● **Material for this exercise**:
__________________________________________________

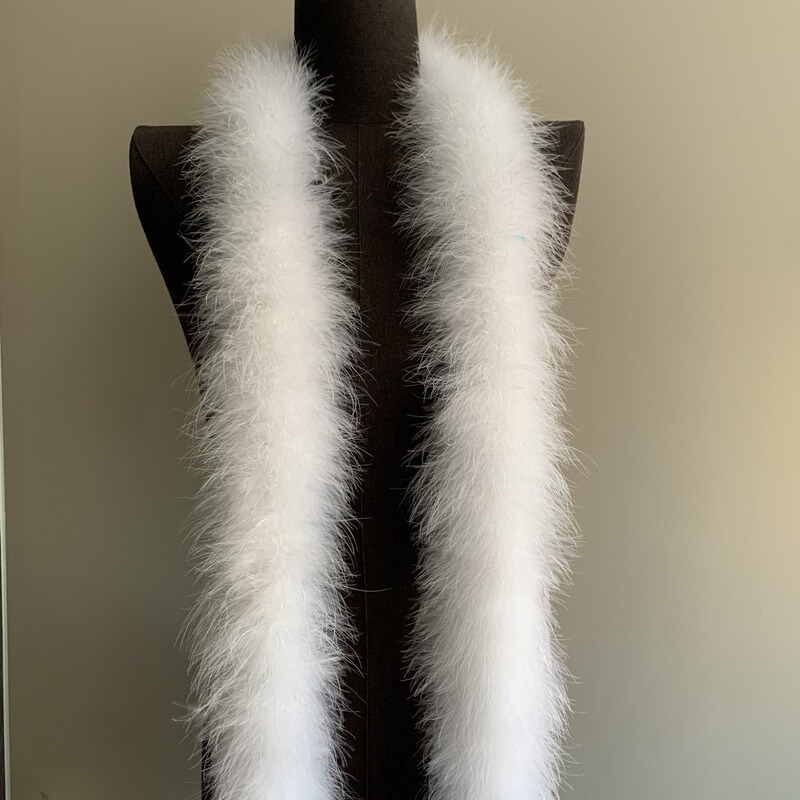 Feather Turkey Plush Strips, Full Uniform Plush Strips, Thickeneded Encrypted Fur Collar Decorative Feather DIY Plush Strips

__________________________________________________

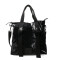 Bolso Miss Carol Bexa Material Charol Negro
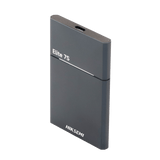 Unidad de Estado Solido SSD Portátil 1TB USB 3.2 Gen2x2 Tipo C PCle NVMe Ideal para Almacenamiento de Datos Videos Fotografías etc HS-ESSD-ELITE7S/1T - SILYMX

__________________________________________________

● **Exercise directions**: Copy the lines above exactly, starting at the one with "Bolso Miss Carol Bexa Material Charol Negro" and ending at the one with "Unidad de Estado", both included. Leave out any pictures and add nothing else.

● **Exercise result**:
 Bolso Miss Carol Bexa Material Charol Negro
 Unidad de Estado Solido SSD Portátil 1TB USB 3.2 Gen2x2 Tipo C PCle NVMe Ideal para Almacenamiento de Datos Videos Fotografías etc HS-ESSD-ELITE7S/1T - SILYMX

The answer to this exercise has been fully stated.